Konkretniejsze było pozycjonowanie się Hołowni jako kandydata spoza establishmentu partii politycznych. A przecież red. Kobosko mógłby Hołowni natychmiast opowiedzieć, dlaczego w wielkich krajach Zachodu prezydentury to rzecz partyjna. Wolny strzelec nie ma szans. Opozycja kandydat partyjny – kandydat obywatelski ma tę słabość jako pomysł na kampanię wyborczą, że każdy kandydat jest w końcu polityczny. O politykę i władzę tu chodzi i Hołownia też stał się osobą polityczną ze wszystkimi tego konsekwencjami.
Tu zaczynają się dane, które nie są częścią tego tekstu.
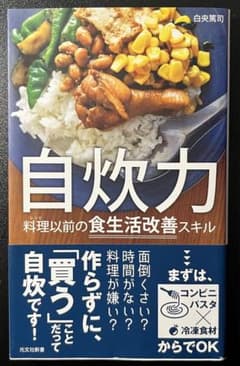 未使用 自炊力 料理以前の食生活改善スキルのサムネイル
Niech próbuje, oczywiście. Nie mówi rzeczy złych ani głupich. Ale na razie nie widać jeszcze jasnej, wyrazistej i atrakcyjnej odpowiedzi na zasadnicze pytanie: czemu wyborcy mieliby na niego głosować, a partie polityczne udzielić mu poparcia, gdyby wszedł do drugiej tury?